In marine streamer acquisition, both the source and the receivers are at some depth. As a result, their reflection from the water surface generates ``ghost'' arrivals. These ghosts are recorded in addition to the primary path of energy propagation from source to reflector to receiver. This causes the recordings of the specular reflections to be in practice non-minimum phase wavelets, and more similar to Ricker wavelets, as most of the energy does not arrive at the onset of the wavelet. Since Ricker is a delayed zero-phase wavelet, predictive decon will have limited success on marine streamer data, as the inverse filter will have coefficients that increase with time. Additionally, the airgun typically employed as a source in marine surveys generates a low-frequency bubble, whose reverberations contaminate the recorded data.

Zhang et al. (2011) extended traditional deconvolution to non-minimum phase wavelets. Claerbout et al. (2011) replaced the unknown filter coefficients by lag coefficients in the log spectrum of the deconvolution filter. Given data $ D(\omega)$ , the deconvolved output $ r_t$ is:

$\displaystyle r_t \ =\ {\rm FT}^{-1}\ \left[ D(\omega)\ \exp\left( \sum_t u_tZ^t \right) \right]$ (1)

where $ {\rm FT}^{-1}$ is the inverse Fourier transform, and $ Z=e^{i\omega}$ . $ u_t$ are the log spectrum variables of the deconvolution filter. The source wavelet is the inverse of the exponent of these log variables. The positive lag coefficients correspond to the causal part of the wavelet, and the negative ones to the anticausal part.

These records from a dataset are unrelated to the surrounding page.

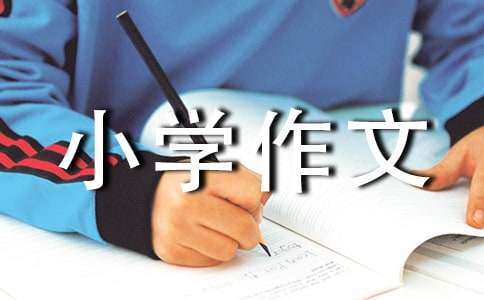 实用的小学的小学作文1200字集锦十篇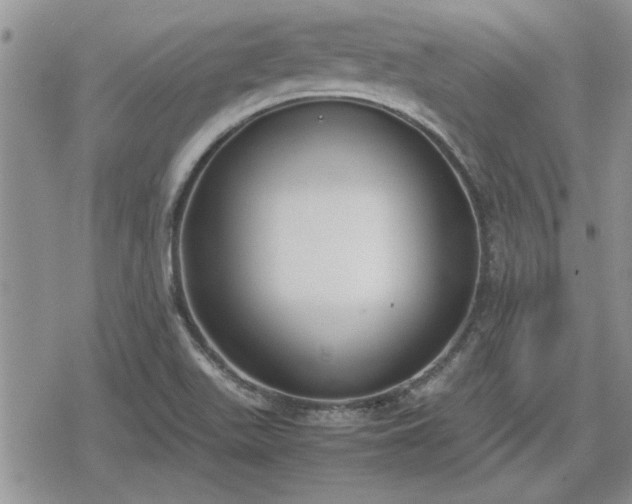 X0000078841511200611201300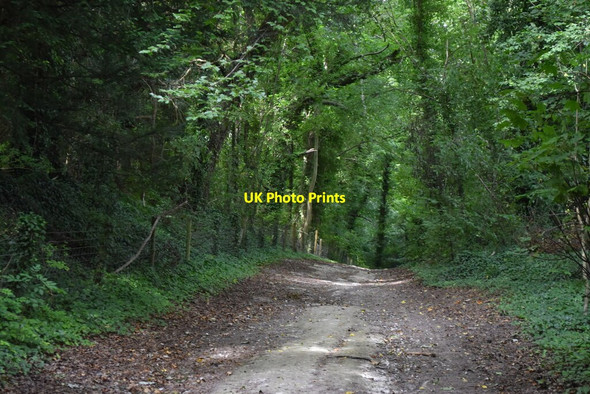 Photo 6"x4" Bridleway on the edge of Ham Wood Great Durnford c2021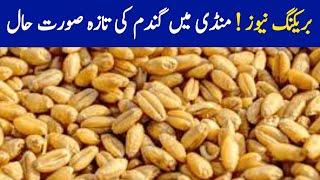 Today Wheat price in Pujnab Ghala Mundi | گندم کی صورت حال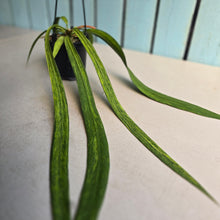 Load image into Gallery viewer, #17c Variegated Anthurium Vittarifolium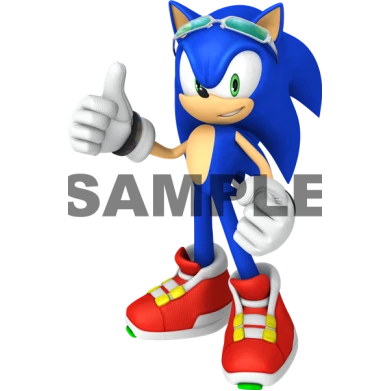 Sonic  Rider   T  Shirt Iron on Transfer Decal ~#23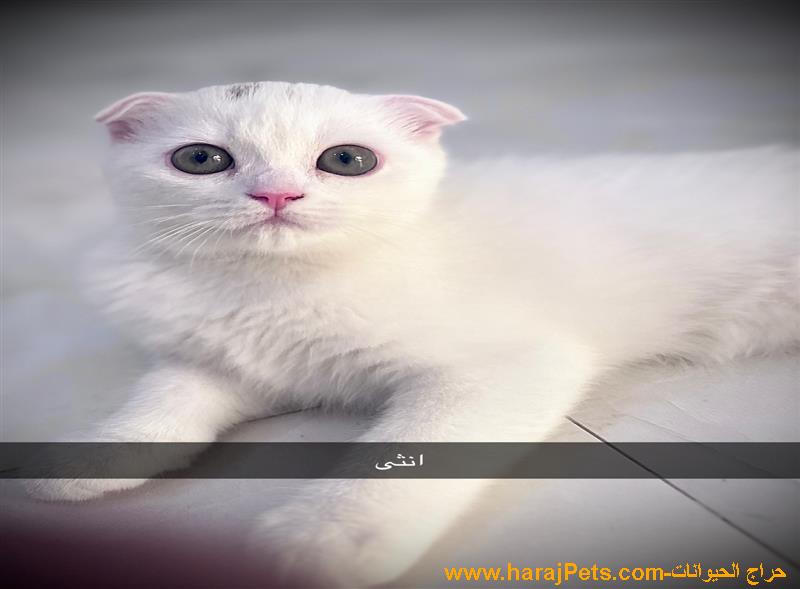 كتن سكوتش فولد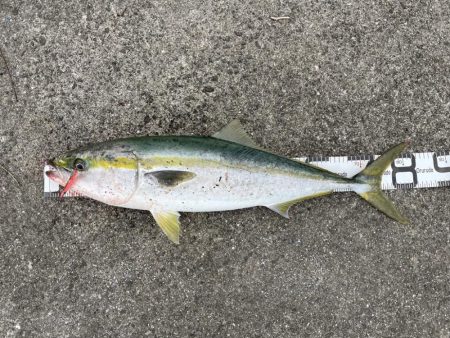 大出遅れも、今季初ブリ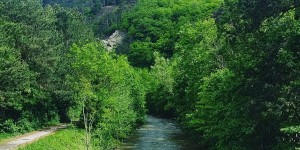 Beitragsbild des Blogbeitrags 23.5.19 - Vöslau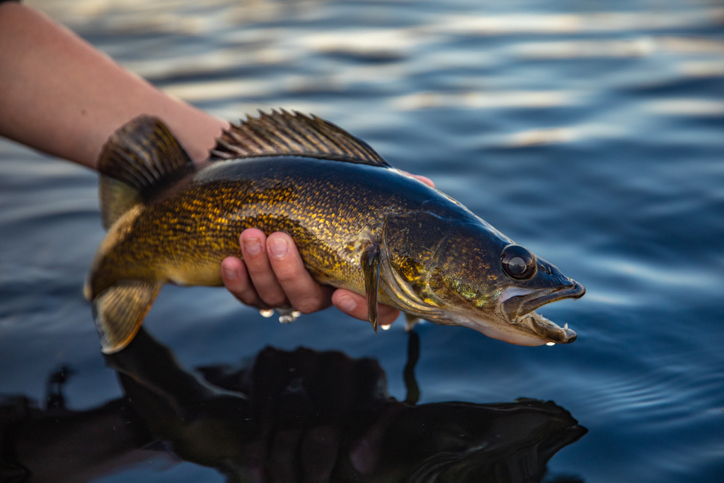 Ohio bill naming walleye the state fish again flops at the Statehouse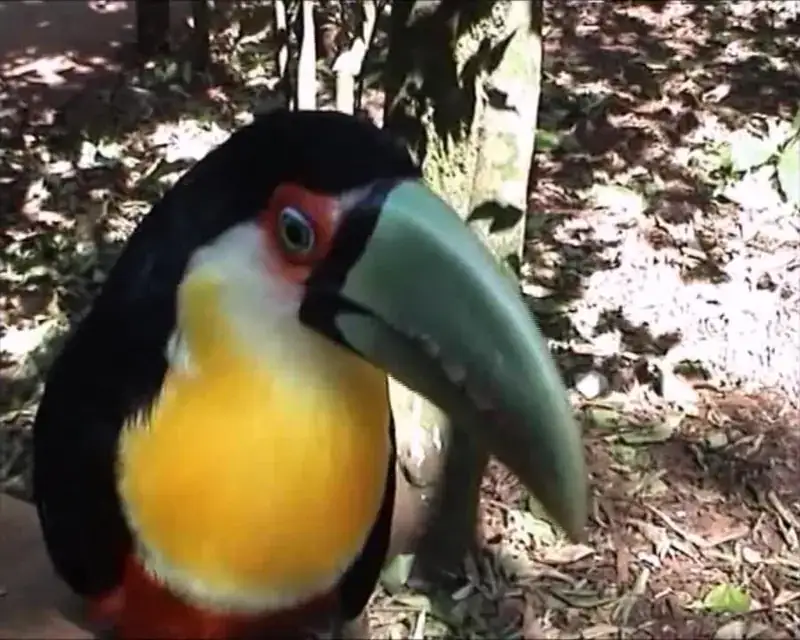 Toucan in Iguazú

Claerbout et al. (2012) introduced the concept of inverting for sparsity, with the added complication that seismic data is non-stationary but decreases in amplitude over time. A gained residual $ q_t = g_t r_t$ is sparsified using a hyperbolic penalty function $ H(q_t)$ , where $ g_t$ is a known gain function. The inversion finds the model parameters $ u_t$ which cause the gained residual $ q_t$ to be as sparse as possible. The purpose is to enhance frequencies where they promote sparsity, which is our assumption about the underlying geology. In addition they proposed two regularizations:

Symmetry regularization
The expected shot waveform is a zero-phase Ricker wavelet, ignoring the bubble which arrives later. Therefore, in the log spectral domain it is desirable to have only even parts of the filter coefficients $ u_t$ around the zero-lag. The symmetry regularization does this by incorporating the odd parts near zero-lag into the residual:

$\displaystyle 0 \approx \epsilon_1 \sum_\tau w_\tau (u_\tau-u_{-\tau}),$ (2)

where $ u_\tau$ are the coefficients at positive lags and $ u_{-\tau}$ the coefficients at negative lags. $ w_\tau$ is a weighting function that decreases from one to zero with increasing lag. Conceptually, the width of the weighting function should be just large enough to contain the Ricker wavelet of the data. $ \epsilon_1$ controls the degree to which this regularization affects the objective function.

Filter length regularization
The deconvolution filter's positive lags should include both the zero-phase Ricker wavelet of the reflections, and the wavelet of the bubble with its reverberations (which are caused by the implosion of water into the cavity generated by the airgun). The filter should not have large negative lags, beyond those needed for the anti-causal part of the Ricker wavelet. Therefore a filter length lag regularization is added to the residual

$\displaystyle 0 \approx \epsilon_2 \sum_\tau \left( c_\tau u_\tau + a_{-\tau} u_{-\tau} \right),$ (3)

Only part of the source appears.